- **Prompt**: For this exercise, restate word for word only the lines from the one containing "Geometric design on a black and white jar" through the last line below. Pictures do not get copied.

- **Raw data**:
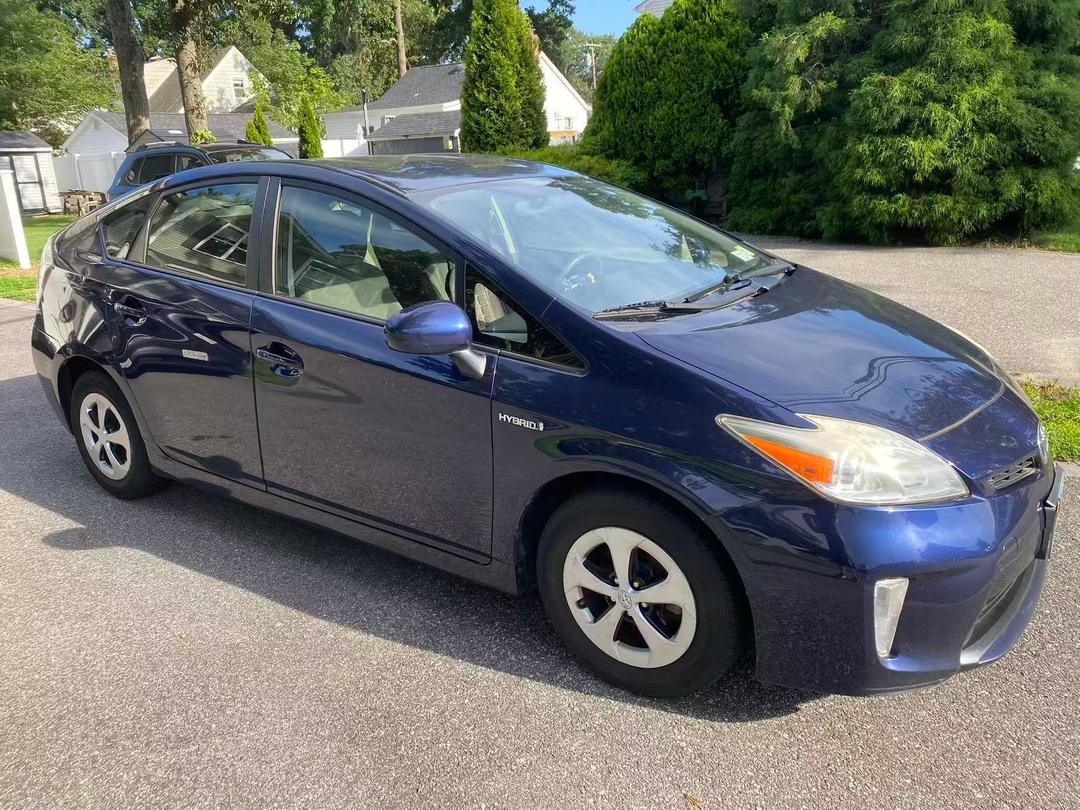 Toyota_Prius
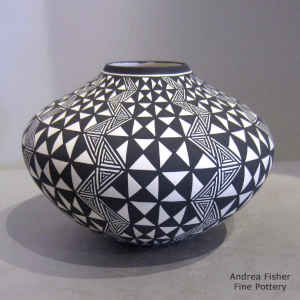 Geometric design on a black and white jar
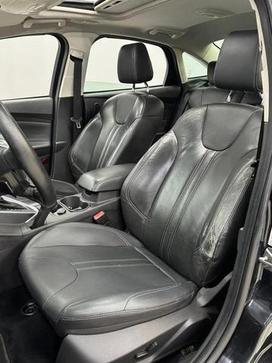 FORD FOCUS SEDAN TITANIUM 2.0 POWERSHIFT AUT.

- **Task response**:
 Geometric design on a black and white jar
 FORD FOCUS SEDAN TITANIUM 2.0 POWERSHIFT AUT.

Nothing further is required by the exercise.